Laws banning burqas have been enacted in 13 countries worldwide, ranging from Austria and France to Tajikistan and Cameroon. While non-Western countries had little problem banning the garment for security reasons, Western countries – which face the same type of threats – fell into the mire of political correctness over attempts to forbid the wearing of face coverings in public.
Take the most recent example in Denmark. As such legislation was about to go into effect, hundreds of left-wing (mostly non-Muslim) Danes took to the streets, accusing the government of denying a woman’s right to dress as she wants – a supremely ironic take on burqa wearing considering that given the choice, it is probably safe to say that many if not most women would relish freeing themselves from the oppressive and claustrophobic garment.

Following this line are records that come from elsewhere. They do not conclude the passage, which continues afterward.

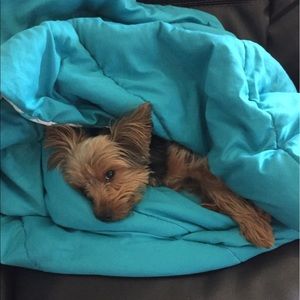 Meet your Posher, Isabelle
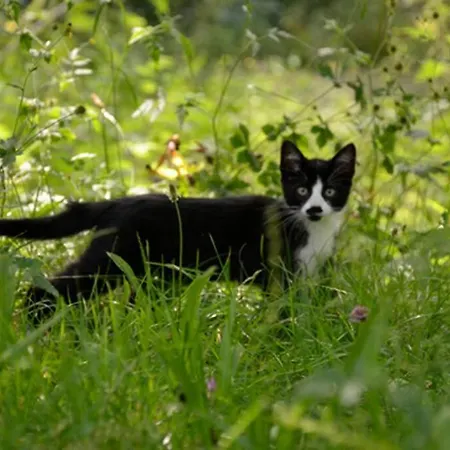 Aire De Montana - Estupendas Vistas A Picos Σαλέ Baro (Cantabria)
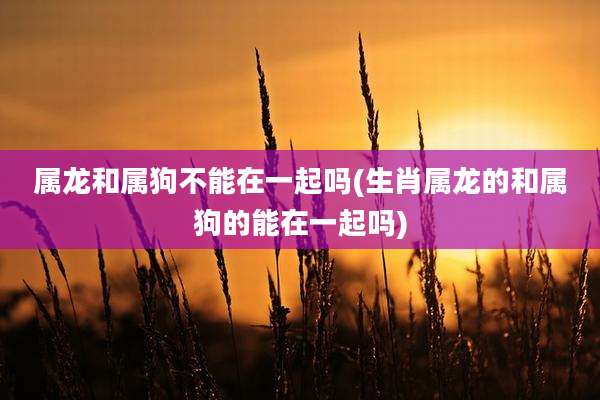 属龙和属狗不能在一起吗(生肖属龙的和属狗的能在一起吗)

(Witness the reaction of women in Iraq and Afghanistan when ISIS and the Taliban, respectively, forced women to wear burqas. When these extremist forces were defeated, women made videos of themselves celebrating their liberation from and burning what they viewed as a vile garment — an oppressive infringement on their freedom and femininity.)
Yet, in making moves to ban the burqa, Western countries and their politicians continue to fall into the trap of cultural relativism: Politicians on the Right speak of upholding “secular and democratic values”; those on the Left cry discrimination and Islamophobia.
This gets particularly sticky when it comes to the exercise of the European idea of human rights — namely, freedom of religion. Although in Europe, freedom of belief is protected, the freedom to exercise one’s beliefs in the public sphere is murky.